What exactly happens when a process terminates is part of its child specification. For KV.Bucket, we have this:

iex> KV.Bucket.child_spec([])
%{id: KV.Bucket, start: {KV.Bucket, :start_link, [[]]}}

However, for tasks, we have this:

iex> Task.child_spec(fn -> :ok end)
%{
  id: Task,
  restart: :temporary,
  start: {Task, :start_link, [#Function<43.39164016/0 in :erl_eval.expr/6>]}
}

Notice that a task says :restart is :temporary. KV.Bucket says nothing, which means it defaults to :permanent. :temporary means that a process is never restarted, regardless of why it crashed. :permanent means a process is always restarted, regardless of the exit reason. There is also :transient, which means it won't be restarted as long as it terminates successfully.

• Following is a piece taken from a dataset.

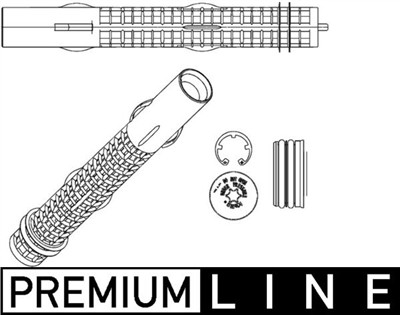 MAHLE ORIGINAL AD 287 000P Číslo výrobce: 351335211. EAN: 4057635043717.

Now we must ask ourselves, are those the correct settings?

For KV.Bucket, using :permanent seem logical, as should not request the user to recreate a bucket they have previous created. Although currently we would lose the bucket data, in actual system we would add mechanisms to recover it on initialization. However, for tasks, we have used them in two opposing ways in this chapter, which means at least one of them is wrong.

We use a task to start the acceptor. The acceptor is a critical component of our infrastructure. If it crashes, it means we won't accept further requests, and our server would then be useless as no one can connect to it. On the other hand, we also use Task.Supervisor to start tasks that deal with each connection. In this case, restarting may not be useful at all, given the reason we crashed could just as well be a connection issue, and attempting to restart over the same connection would lead to further failures.

Therefore, we want the acceptor to actually run in :permanent mode, while we preserve the Task.Supervisor as :temporary. Luckily Elixir has an API that allows us to change an existing child specification, which we use below.

Let's change start/2 in lib/kv.ex once more to the following:

  def start(_type, _args) do
    children = [
      {Registry, name: KV, keys: :unique},
      {DynamicSupervisor, name: KV.BucketSupervisor, strategy: :one_for_one},
      {Task.Supervisor, name: KV.ServerSupervisor},
      Supervisor.child_spec({Task, fn -> KV.Server.accept(4040) end}, restart: :permanent)
    ]

    Supervisor.start_link(children, strategy: :one_for_one)
  end

Now we have an always running acceptor that starts temporary task processes under an always running task supervisor.

Leveraging the ecosystem

In this chapter, we implemented a basic TCP acceptor while exploring concurrency and fault-tolerance. Our acceptor can manage concurrent connections, but it is still not ready for production. Production-ready TCP servers run a pool of acceptors, each with their own supervisor. Elixir's PartitionSupervisor might be used to partition and scale the acceptor, but it is out of scope for this guide. In practice, you will use existing packages tailored for this use-case, such as Ranch (in Erlang) or Thousand Island (in Elixir).

In the next chapter, we will start parsing the client requests and sending responses, finishing our server.